**ACTION ITEM**. From the data below, return the exact lines starting at the line containing "Bike lanes such" and ending at the line containing "NEW 14K TRI", both included, and nothing else.

**DATA FOR PROCESSING**.
Start of Block

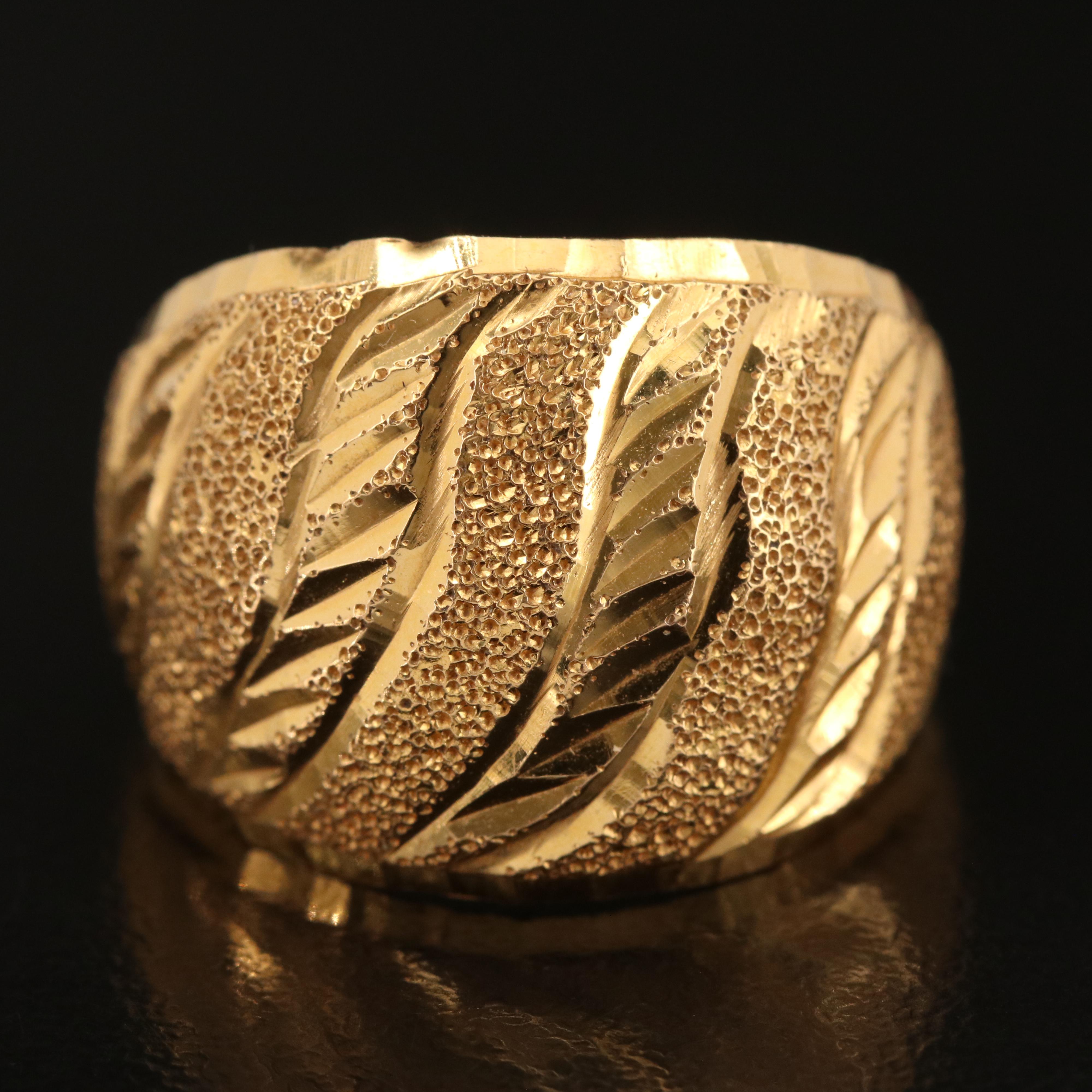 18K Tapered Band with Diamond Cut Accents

End of Block
Start of Block

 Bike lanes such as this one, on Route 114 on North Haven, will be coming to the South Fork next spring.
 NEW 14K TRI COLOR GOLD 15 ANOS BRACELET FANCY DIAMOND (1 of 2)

End of Block

**ANSWER BOX**.
 Bike lanes such as this one, on Route 114 on North Haven, will be coming to the South Fork next spring.
 NEW 14K TRI COLOR GOLD 15 ANOS BRACELET FANCY DIAMOND (1 of 2)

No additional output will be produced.